AVAILABLE DATA:
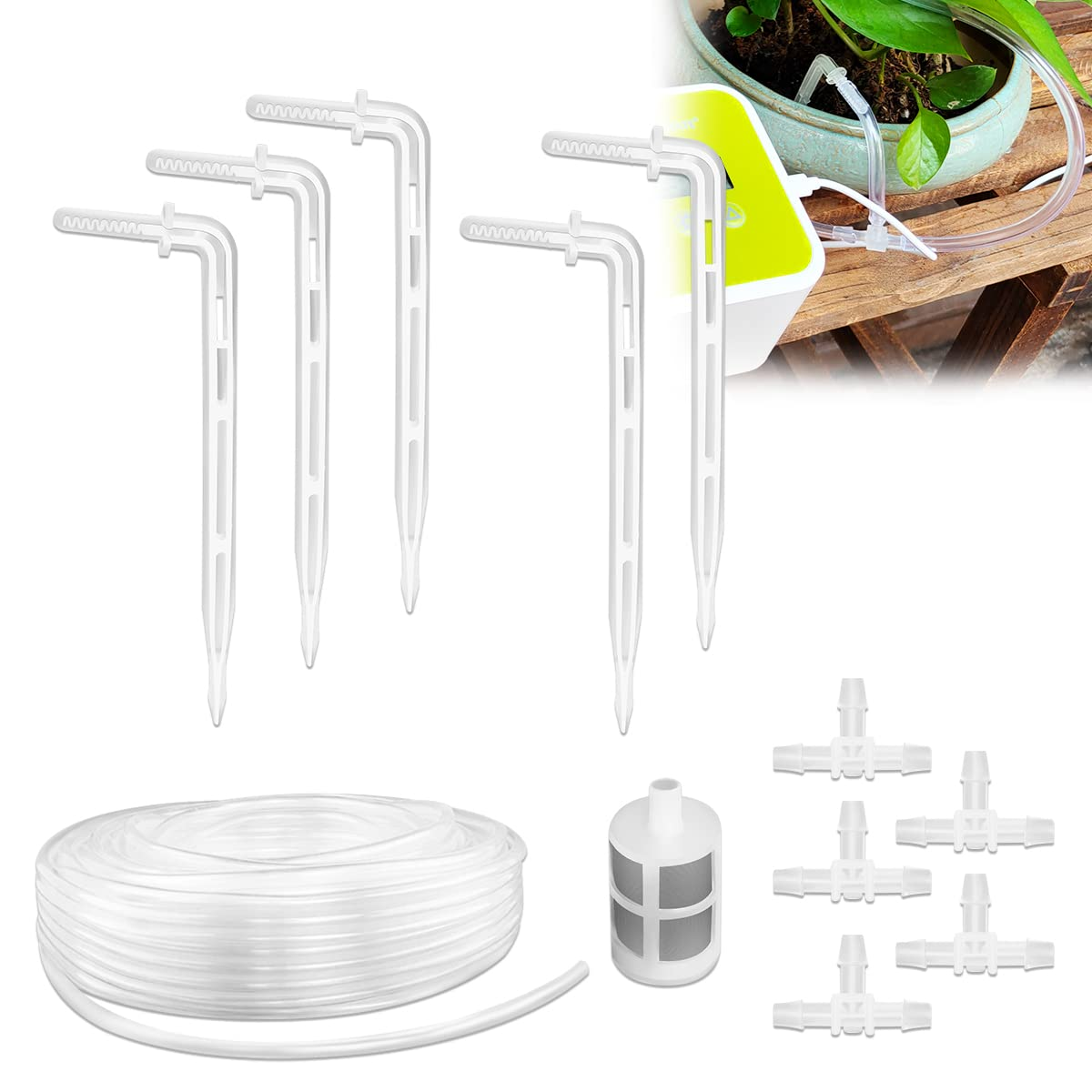 UCINNOVATE Drip Irrigation Tubing Kit, Including 5M 1/4 INCH Tubing, Irrigation Drippers, Tube Connectors, Fitler for Automatic Self Watering Equipment System image number 3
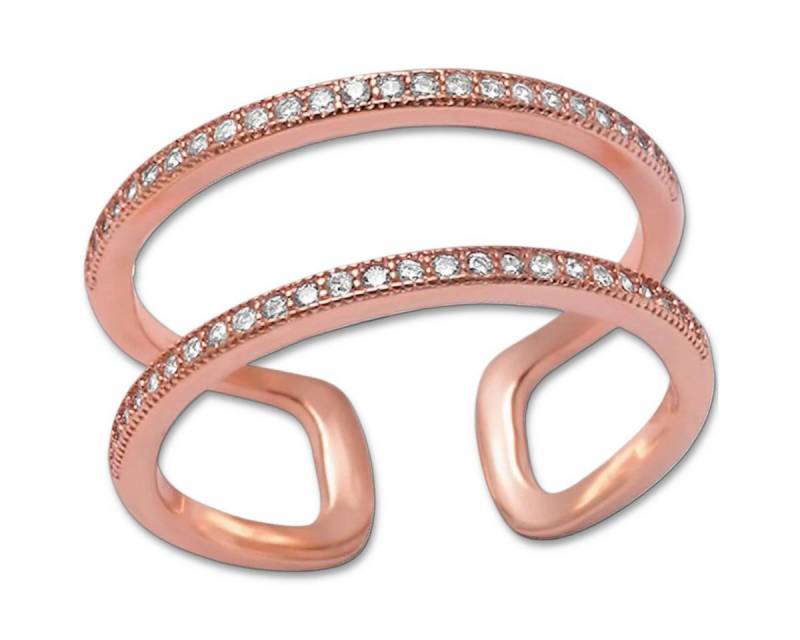 Goldene Hufeisen Goldring Damen Offener Fingerring 925 Sterling-Silber Rosegold vergoldet, zweireihige Memoire Finger-Ring von Goldene Hufeisen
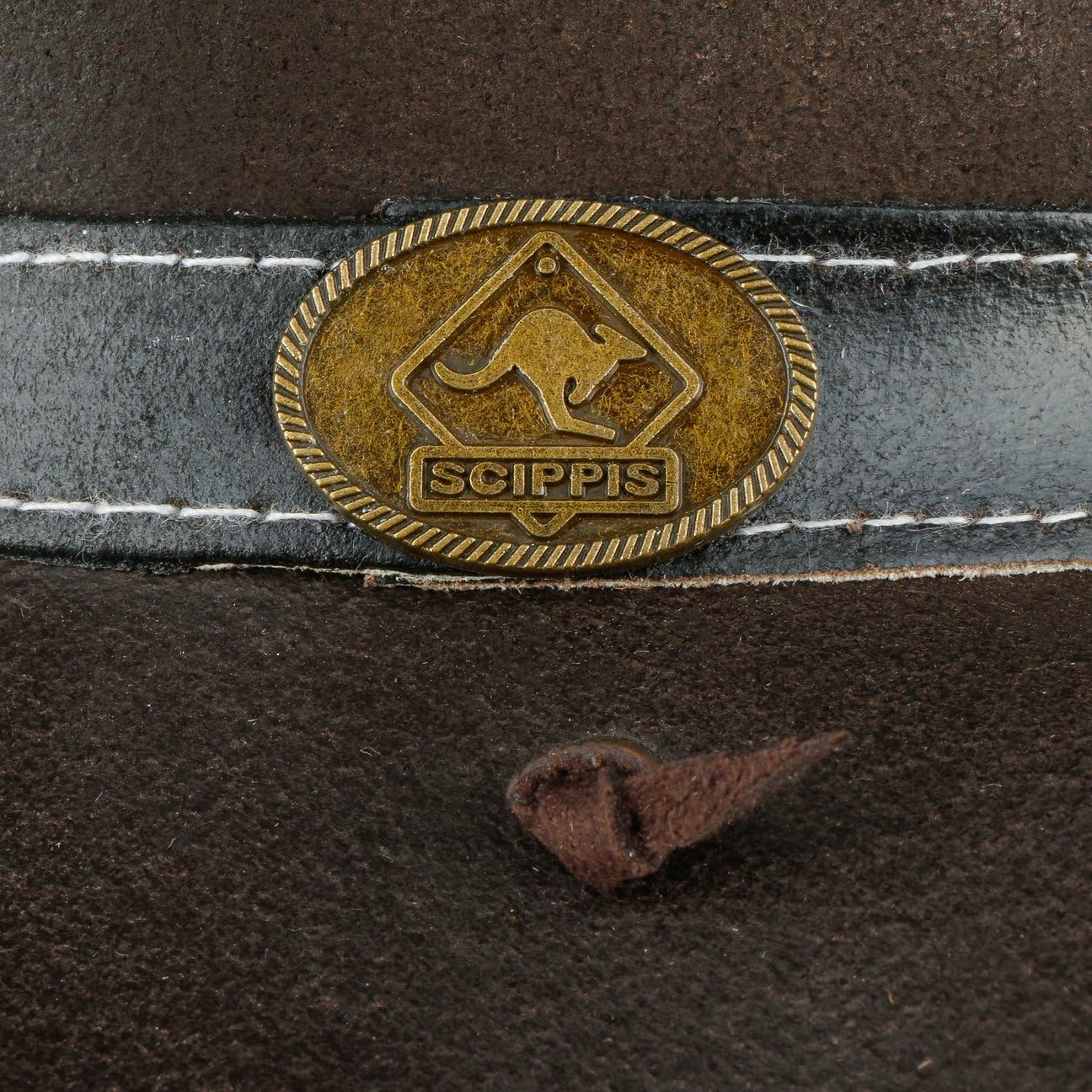 SCIPPIS Sombrero de Piel Concho Mujer/Hombre - Australiano Vaquero Rodeo con Tira para el mentón, Banda Verano/Invierno Primavera Verano Otoño Invierno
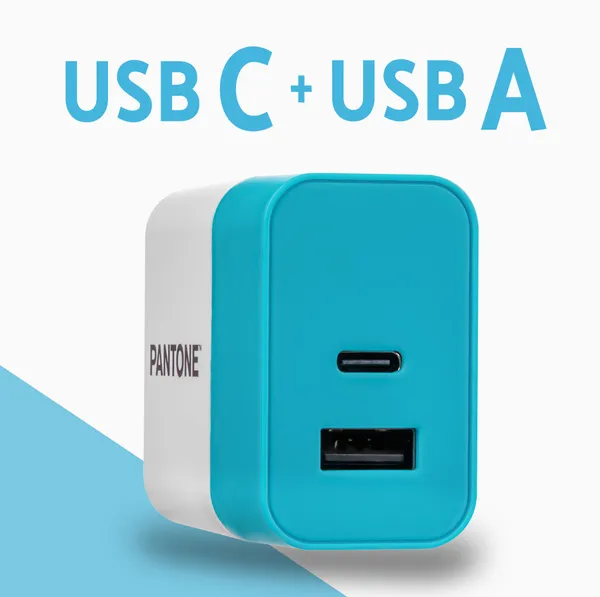 PANTONE 18W WALL CHARGER (USB C + USB A)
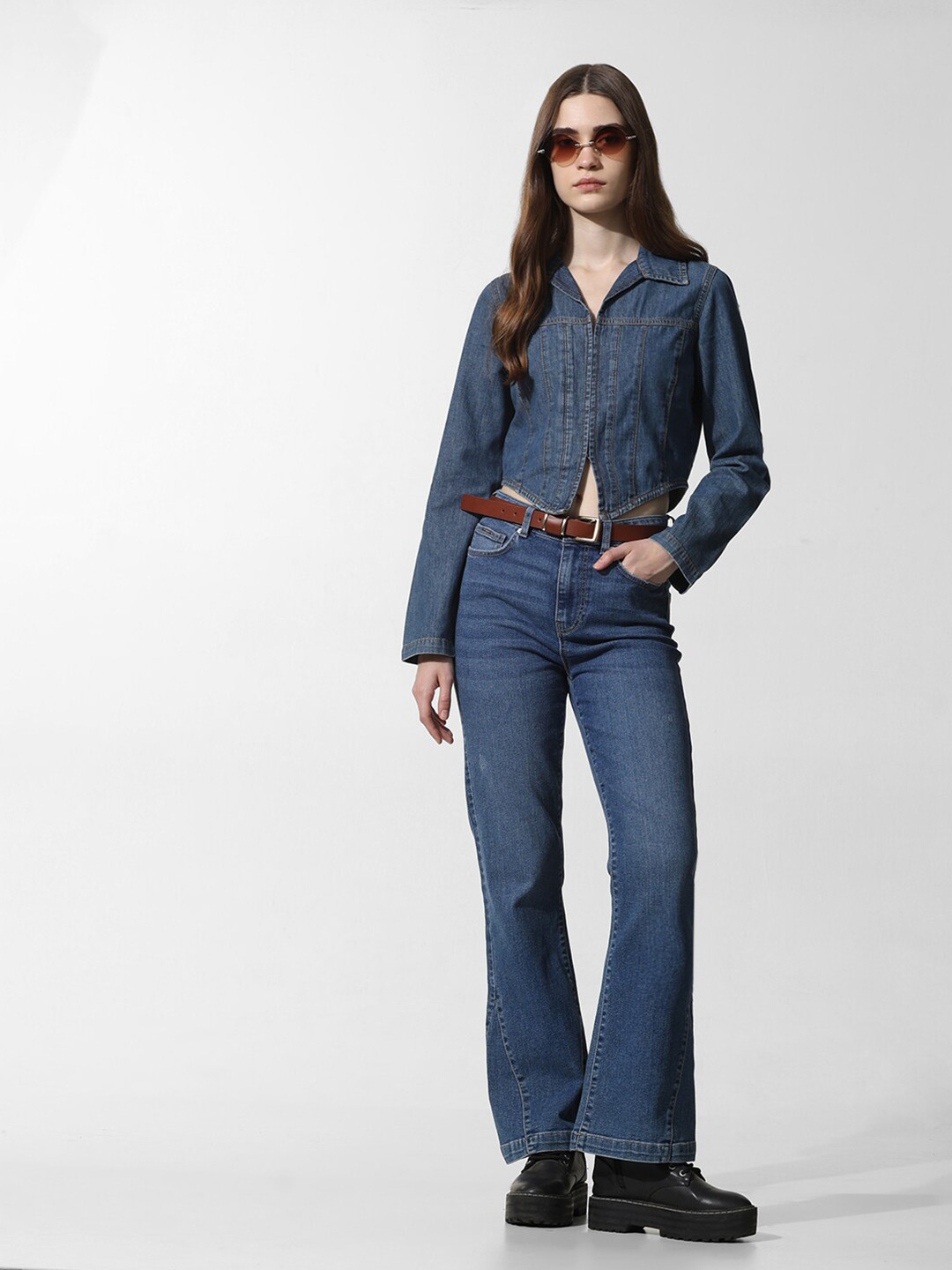 

ONLY ONLLOIRE LS DNM S Spread Collar Pure Cotton Denim Shirt, Blue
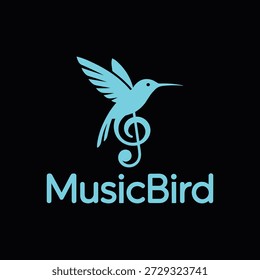 A stylized teal hummingbird in flight forms the MusicBird logo on a black background, incorporating a treble clef and the brand name in modern font.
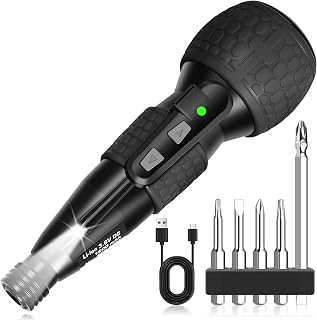 3.6V Cordless Electric Screwdriver - 3.5Nm Torque & Rust-Proof Bits, 2-in-1 Manual/Auto with LED Light, 1800mAh USB-C, 0.44lb for Furniture/Electronics (Black)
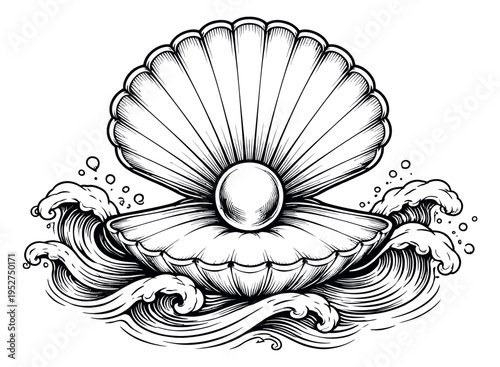 Hand drawn line art illustration of a scallop shell with a pearl depicting it surrounded by ocean waves for a nautical theme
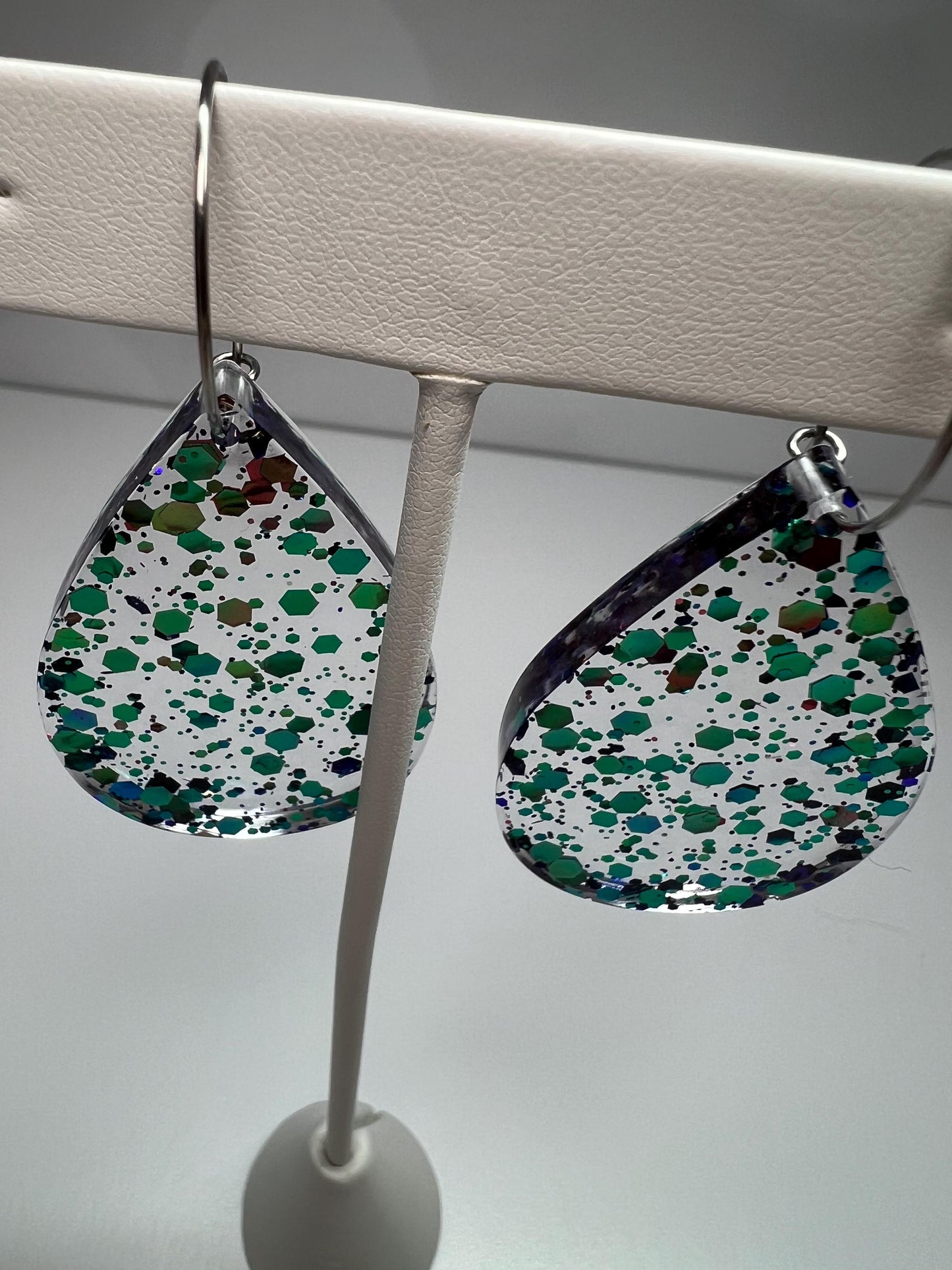 Pink/Green Glitter Resin Earrings | Wicked | Teardrop Earring | Square Earring | Rectangle Earring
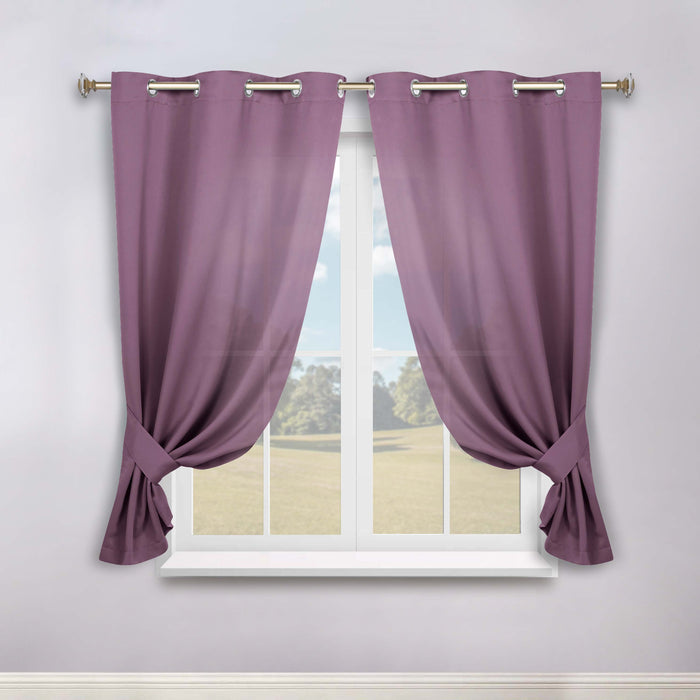 Solid Machine Washable Room Darkening Blackout Curtains, Set of 2 - Blue Nile Mills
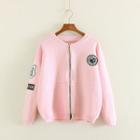 Patch Embroidered Zip Jacket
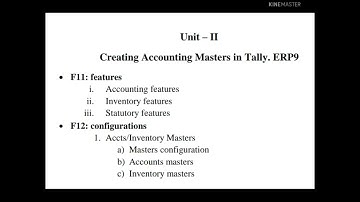 Unit II.  Tally. ERP 9.. F11 features and f12 configuration
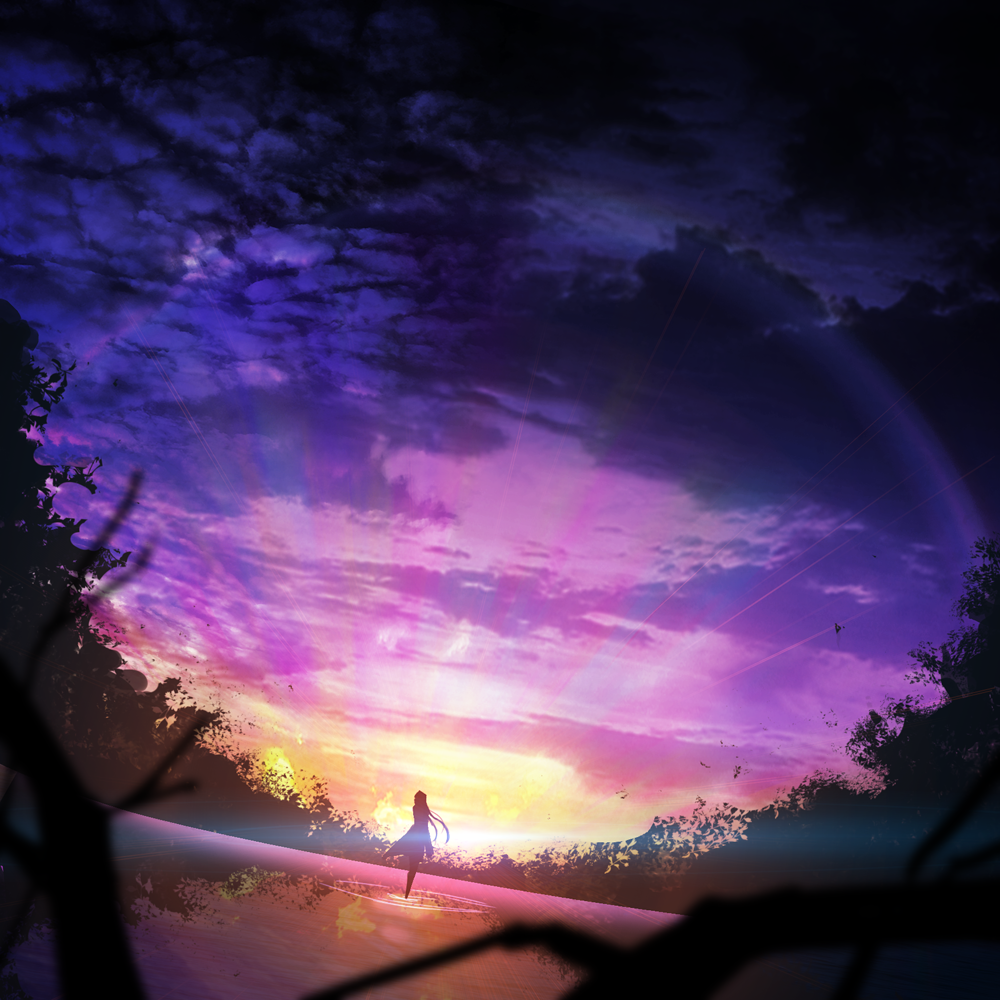 1girl blurry blurry_foreground commentary_request depth_of_field dutch_angle forest lake long_hair nature original purple_sky ripples scenery silhouette solo sunlight sunset walking walking_on_liquid zennmai_siki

TASK TO CARRY OUT: The answer should consist only of the lines above from the one with "ONLY ONLLOIRE LS" through the one with "Pink/Green Glitter Resin", repeated exactly, with no pictures among them.

REPLY:
ONLY ONLLOIRE LS DNM S Spread Collar Pure Cotton Denim Shirt, Blue
 A stylized teal hummingbird in flight forms the MusicBird logo on a black background, incorporating a treble clef and the brand name in modern font.
 3.6V Cordless Electric Screwdriver - 3.5Nm Torque & Rust-Proof Bits, 2-in-1 Manual/Auto with LED Light, 1800mAh USB-C, 0.44lb for Furniture/Electronics (Black)
 Hand drawn line art illustration of a scallop shell with a pearl depicting it surrounded by ocean waves for a nautical theme
 Pink/Green Glitter Resin Earrings | Wicked | Teardrop Earring | Square Earring | Rectangle Earring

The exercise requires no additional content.